The easing of permission for the Tridentine Rite is surely a great leap backward. Mind you, this is not a matter for levity in the eyes of the Vatican. It is serious business as the unfortunate Cardinal Archbishop of Manila discovered when he announced that after consulting his clergy there was no need for a Latin Mass in the diocese. He was very smartly put in his place by those experts in pastoral practice in the Vatican.
I wonder if the promoters of the Mass in Latin have ever read the Decree of the Congregation for Divine Worship which states that by mandate of Pope Paul VI it “now promulgates and declares the new edition of the Roman Missal to be the Editio Tipica in accord with the decrees of Vatican Council II – all things to the contrary notwithstanding”. Obviously this document no longer has any status. Of course, since many people who ardently promote the Latin Mass seem to be Vatican II deniers this is not a worry to them.
I wonder if the people promoting the Latin Mass really believe that it will bring about some kind of renaissance in the Church, will return it to “the good old days”. In their dreams! That Church has gone forever. The need is for new pastoral strategies and initiatives, not a retreat into nostalgia.
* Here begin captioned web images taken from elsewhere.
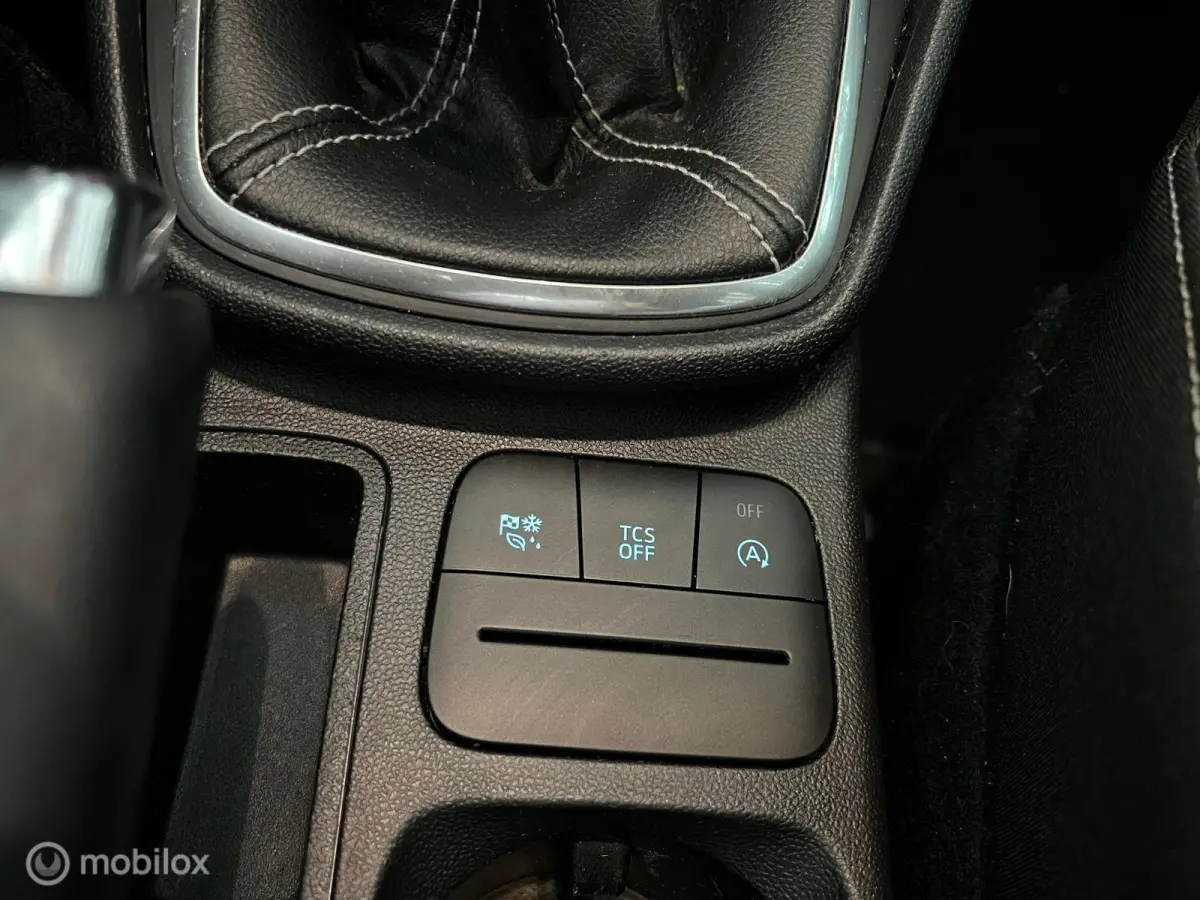 1.0 EcoBoost Hybrid Titanium-NAVI-CRUISE-AIRCO-CARPLAY-BLUETOOTH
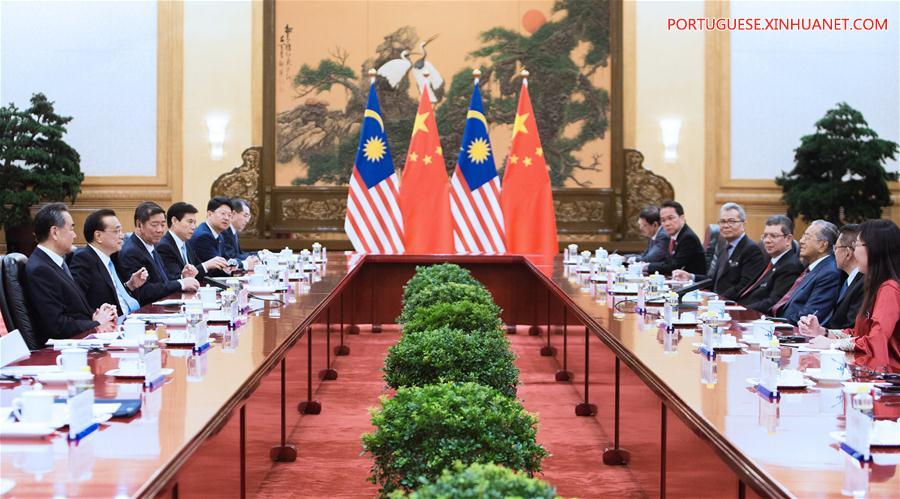 China promete elevar rela??es com Malásia para novo nível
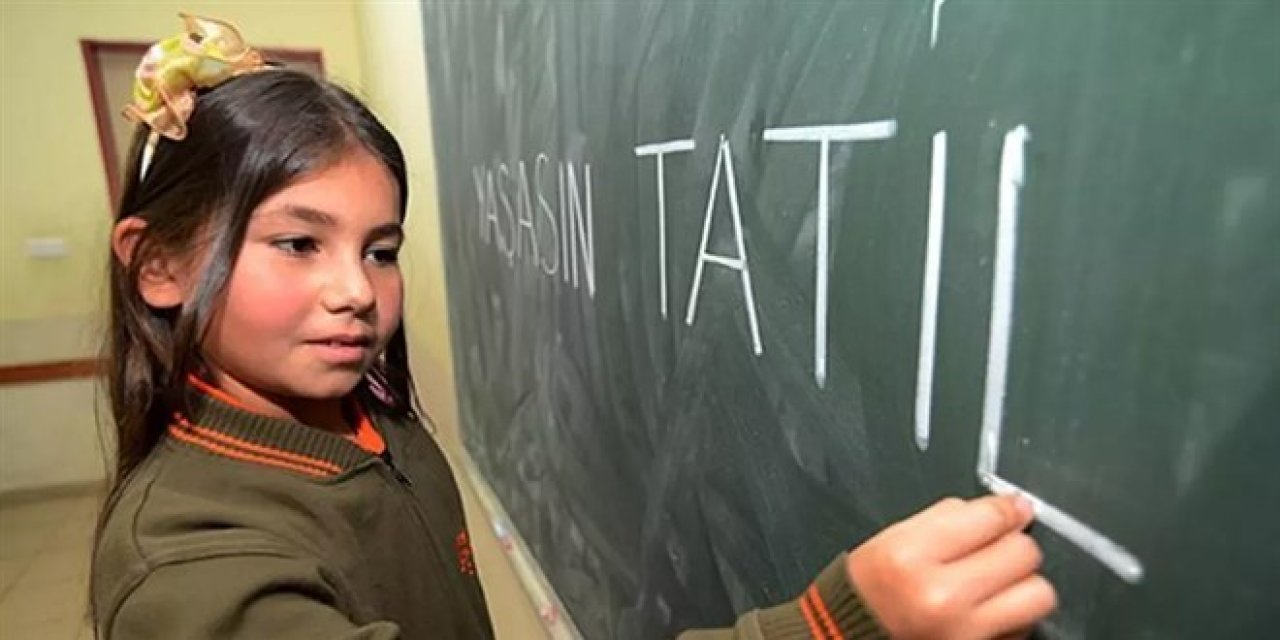 Eğitime iki haftalık ara! Bakanlıktan 'ödev' uyarısı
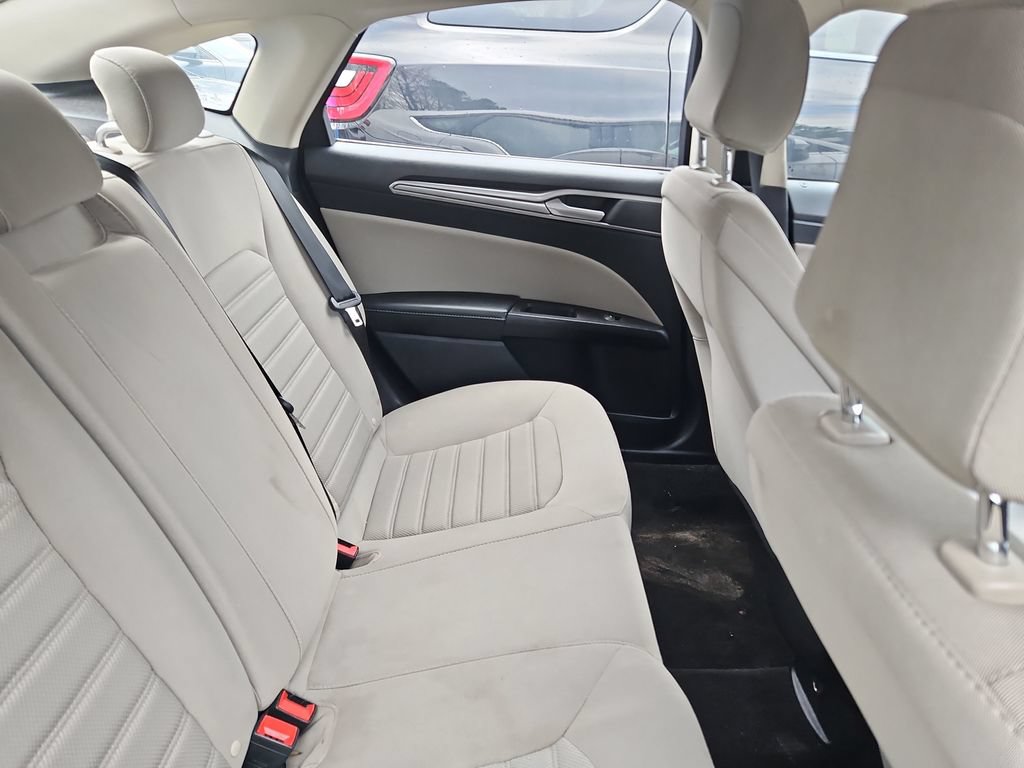 Used 2020 Ford Fusion S FWD image 9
Cardinal Hume wrote that unless this kind of renewal is happening in the local church it is not going to happen at all. This was clearly the Spirit-inspired vision of Pope John XXIII who called us to engage with the world, not to retreat from it.
I guess priests of my generation on can be excused for feeling a sense of betrayal. After all that commitment to what we truly believed was the work of the Holy Spirit (how could 3000 bishops get it wrong?) in giving reality to the call to renewal by the Council, to find now so many in senior positions of governance in the Church trying to turn the clock back has become a real test of loyalty. As parish priests we have a duty of obedience and loyalty – but to whom do we direct that loyalty? As the pastors who have the most immediate contact with our parishioners surely we have a duty of loyalty to the people who have been entrusted to us and whom we led to the renewed vision of Church given to us by the Fathers of the Council.
The reality is that most of the people in our churches know no other Mass than the present mandated liturgy and most of those that do remember the Tridentine Mass don’t want a bar of it.
I sometimes wonder where the Holy Spirit is in this present anti-Vatican II push. Perhaps we became too smug in thinking we had implemented the vision of Vatican II and He is permitting this ecclesial vandalism as a wake-up call to tell us that there is still much work to be done, that the course is for stayers, not sprinters. I think there is a moral for us in the story of that French diocese which finally got round to implementing the Tridentine Mass during the first half of the twentieth century, four centuries after Trent.